If I was presented with a proposal to a stakeholders of MARCOL bank I would find look at the bank computers networks assets by who they borrow from for example Bank of America. Then I would analyze the security risks. For instant I would use the Hacked network devices – Data can be intercepted, analyzed, altered, or deleted, user passwords can be compromised or device configurations can be changed reconnaissance attacks and Denial- of- service attacks then I would analyze security requirements and tradeoffs by making sure the security goals are affordable, usable, performable, available and manageable so that we are protected from hackers at all cost. I will develop a plan that will by creating a networking assets such hardware, software, application, data, intellectual property, trade secrets and company’s reputations. I would have a secure plan in place so that the first part of the security plan should describe its scope — just what is it intended to cover. For a small company the security plan scope might be the entire organization; for a larger organization, it might be limited to just one location or one department.

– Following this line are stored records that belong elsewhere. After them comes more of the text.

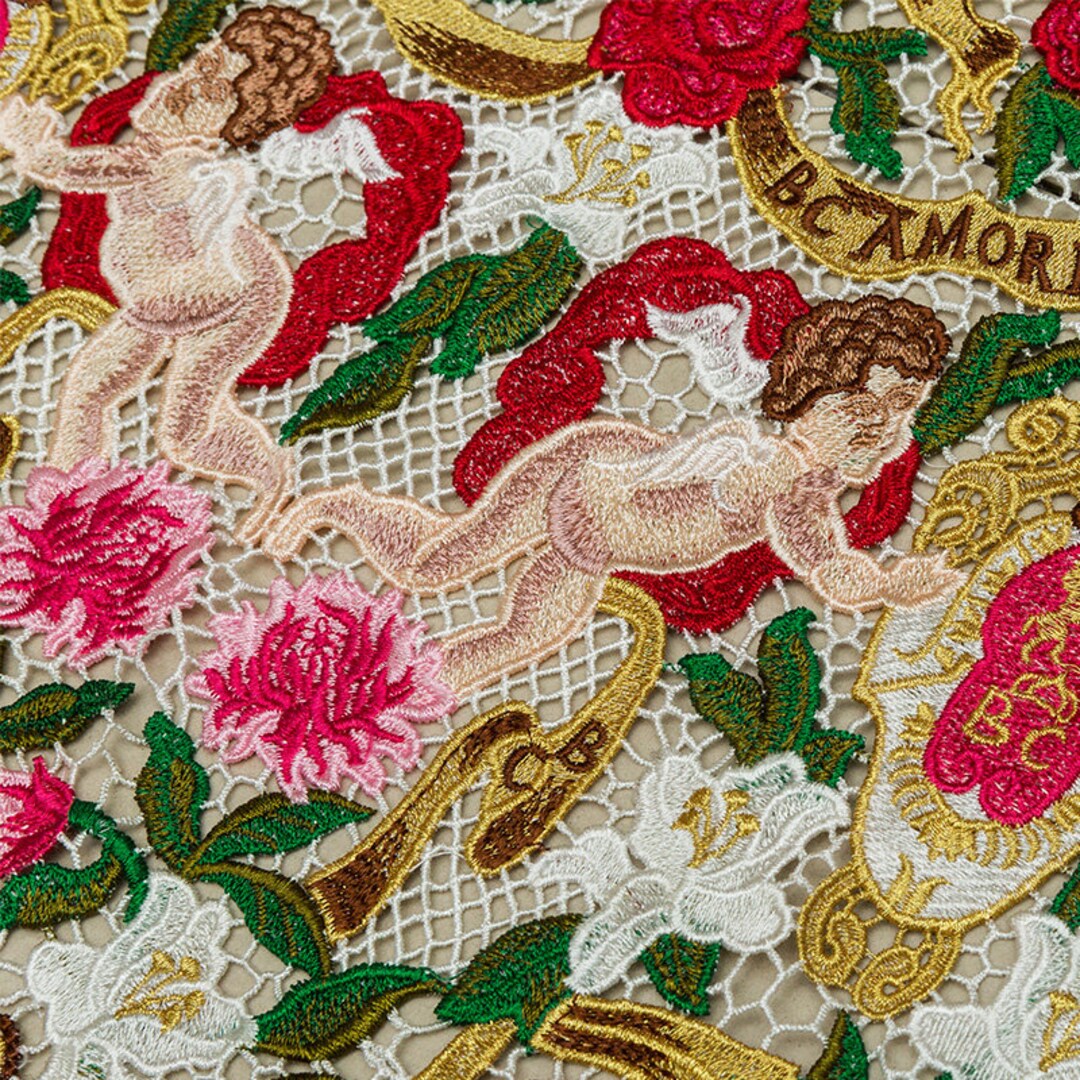 Heavy Embroidered Flower Lace Fabric,guipure Lace Fabric,elegant Flower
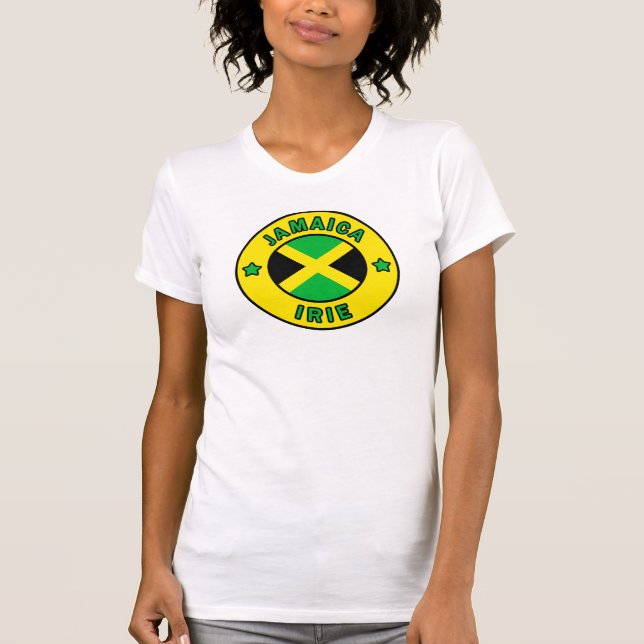 Jamaica Irie T-shirt (Framsida)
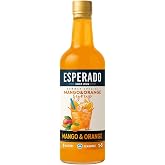 ESPERADO ŞEKERSİZ (SUGAR FREE) MANGO &amp; PORTAKAL Yoğun Aromalı Konsantre Şurup 1 + 5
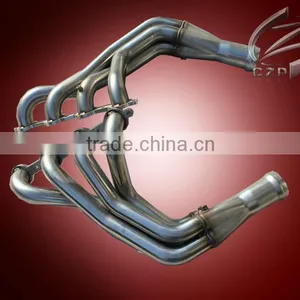 Exhaust Header for Chevy 1997-2004 Corvette C5 Race Header thumbnail-1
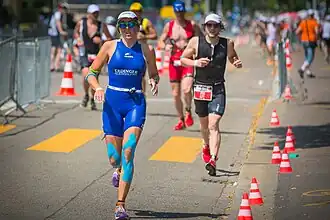 Katrin Esefeld beim Ironman Switzerland, 2013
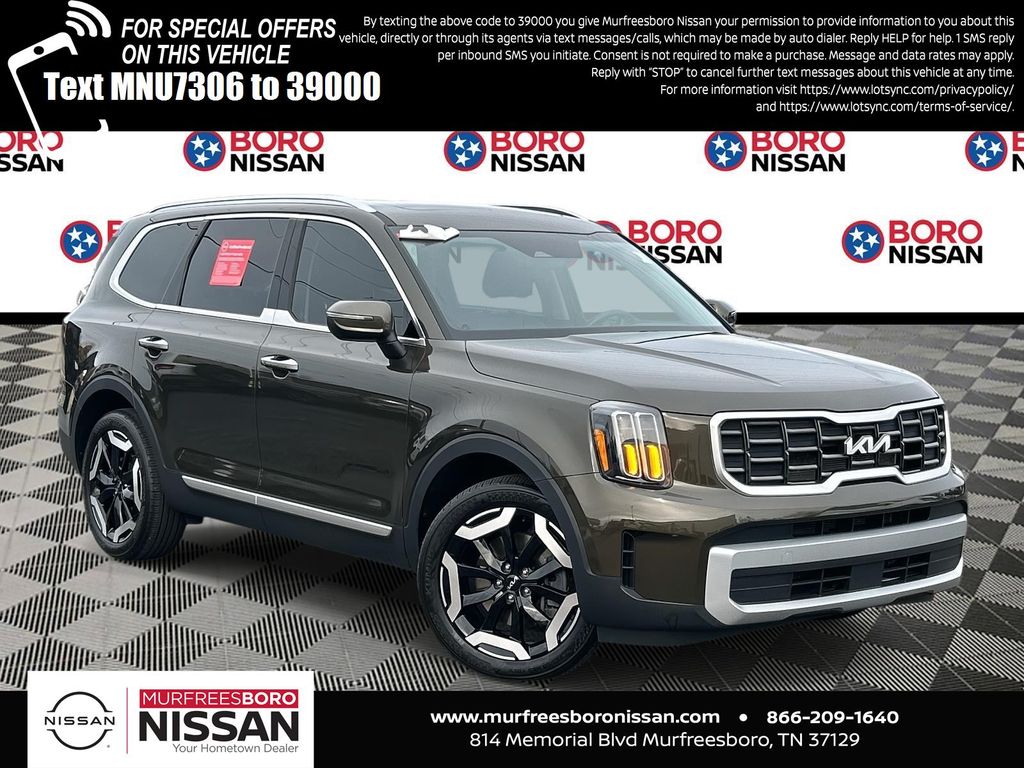 2024 Kia Telluride S's photo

The scope may also be limited by the type of threats it covers. Often a separate security plan is written just for IT related threats since these require specialized knowledge to understand and address. The scope may also be limited to certain operations on a need-to-know basis: office staff do not need to know about the security plan for the movement of cash to and from bank branches, for example.
The next part of the security plan is the security assessment. This is the part of the plan which answers the question: where are we now?
The assessment needs to identify what we need to defend (people, locations, equipment, confidential information, service availability). Unless we know what we are defending, it's not possible to determine which threats we need to be concerned with.
Following this inventory of the things that need to be defended, we need to determine the threats we need to defend against.
These may include:
• physical threats (e.g. theft, arson, sabotage),
• computer-related threats (e.g. viruses, spam, malware, network intrusion)
• insider threats (e.g. fraud, workplace violence, information theft or disclosure)
• natural threats (e.g. earthquake, landslide, hurricane, tsunami, snowstorm, etc.)
• information threats (e.g. theft of trade secrets, customer lists )
For each threat we need to determine the risk: the combination of both how likely it is to occur and its impact on the organization.
We also need to determine what precautions are already in place to either reduce the likelihood of the threat or to reduce its impact. This may include physical measures (burglar alarms, fences, firewalls), procedural controls (two signatures required for checks more than $1000), staff policies, and staff training.